Word for word, copy the entire listing below, but do not carry over any pictures.

▶ **INPUT**
◇ ◇ ◇ ◇

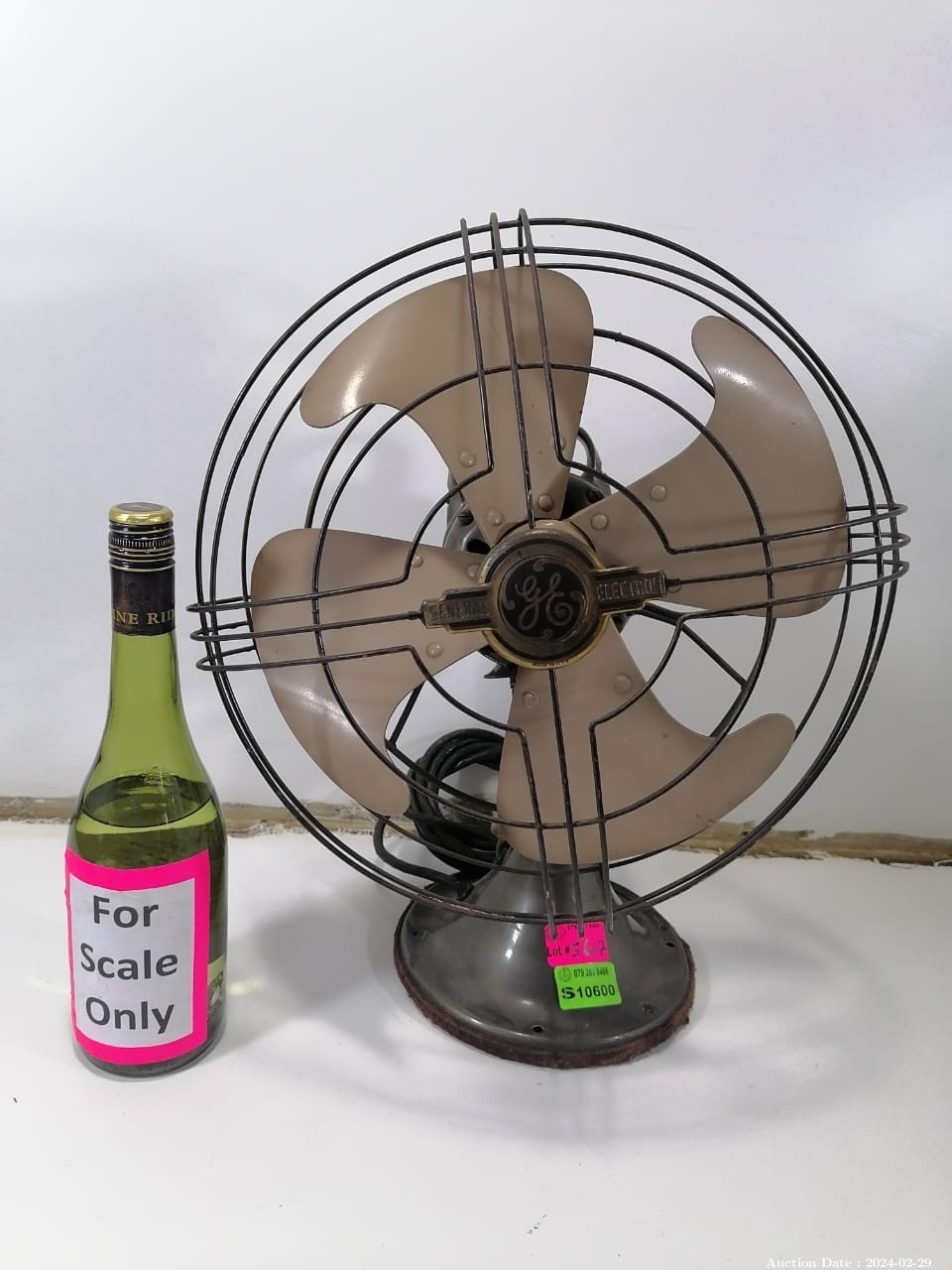 5617 - Electric Vintage Table Fan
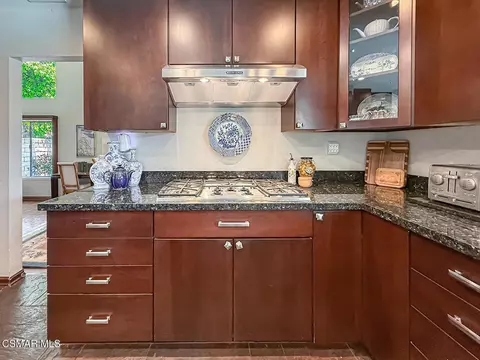 Kitchen - 3029 Bianca Cir, Simi Valley, CA 93063 photo 7 of 10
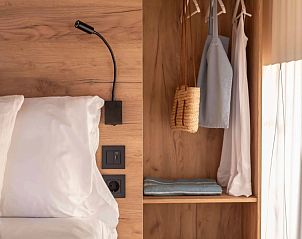 Gemtliches Schlafzimmer im Glamping Couple in Santa Cristina d'Aro mit Holzinterieur und modernen Details fr einen entspannten Aufenthalt.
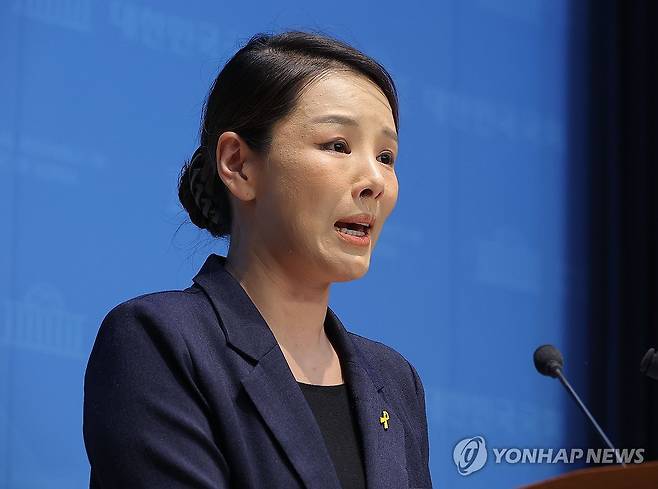 조국혁신당 강미정 대변인, 당내 성비위 의혹 밝히며 탈당 (서울=연합뉴스) 류영석 기자 = 조국혁신당 강미정 대변인이 4일 서울 여의도 국회 소통관에서 당내 성비위 의혹과 관련한 탈당 기자회견을 하고 있다. 2025.9.4 ondol@yna.co.kr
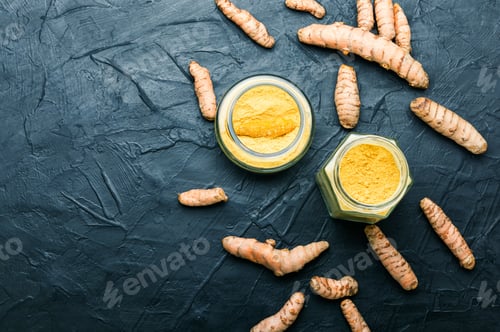 Preview: Fresh Turmeric Root Or Rhizome And Turmeric Powder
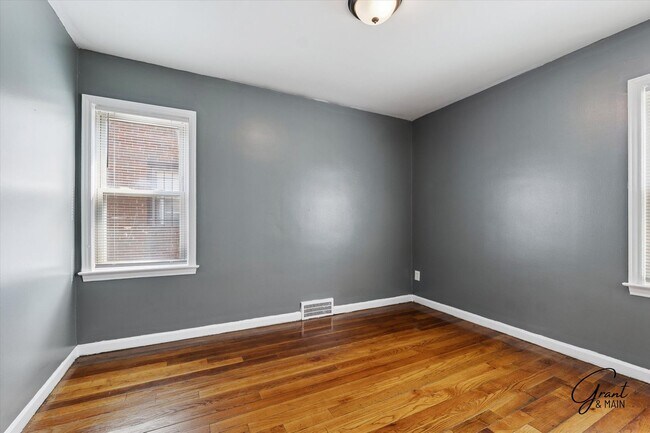 Building Photo - 11248 Kennebec St
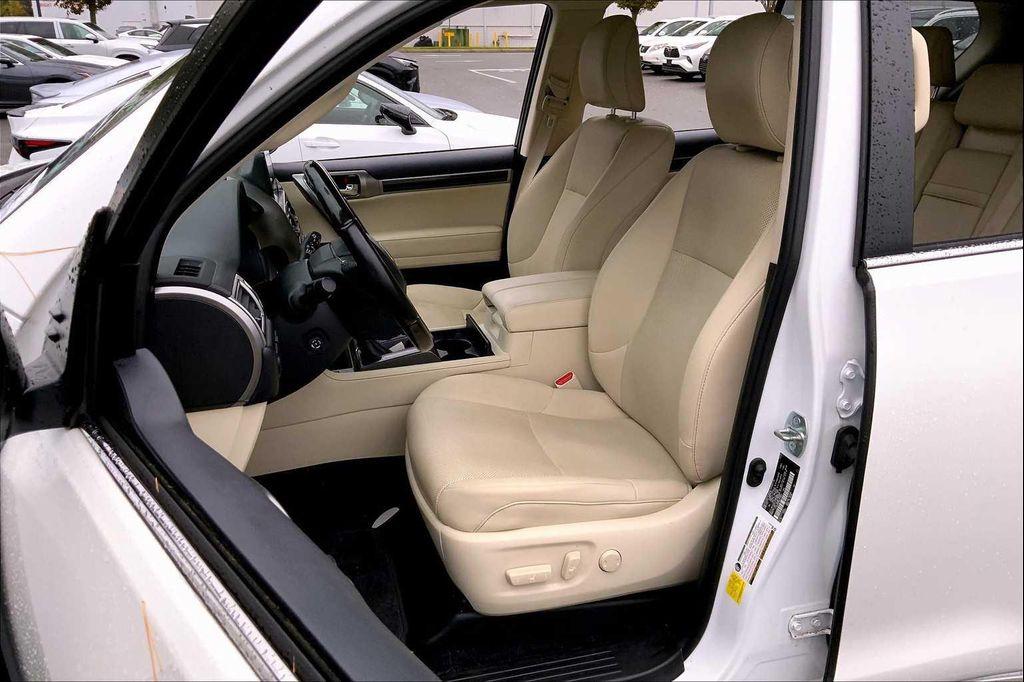 used 2022 Lexus GX 460 car, priced at $51,988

◇ ◇ ◇ ◇

▶ **EXERCISE RESPONSE**
 5617 - Electric Vintage Table Fan
 Kitchen - 3029 Bianca Cir, Simi Valley, CA 93063 photo 7 of 10
 Gemtliches Schlafzimmer im Glamping Couple in Santa Cristina d'Aro mit Holzinterieur und modernen Details fr einen entspannten Aufenthalt.
 조국혁신당 강미정 대변인, 당내 성비위 의혹 밝히며 탈당 (서울=연합뉴스) 류영석 기자 = 조국혁신당 강미정 대변인이 4일 서울 여의도 국회 소통관에서 당내 성비위 의혹과 관련한 탈당 기자회견을 하고 있다. 2025.9.4 ondol@yna.co.kr
 Preview: Fresh Turmeric Root Or Rhizome And Turmeric Powder
 Building Photo - 11248 Kennebec St
 used 2022 Lexus GX 460 car, priced at $51,988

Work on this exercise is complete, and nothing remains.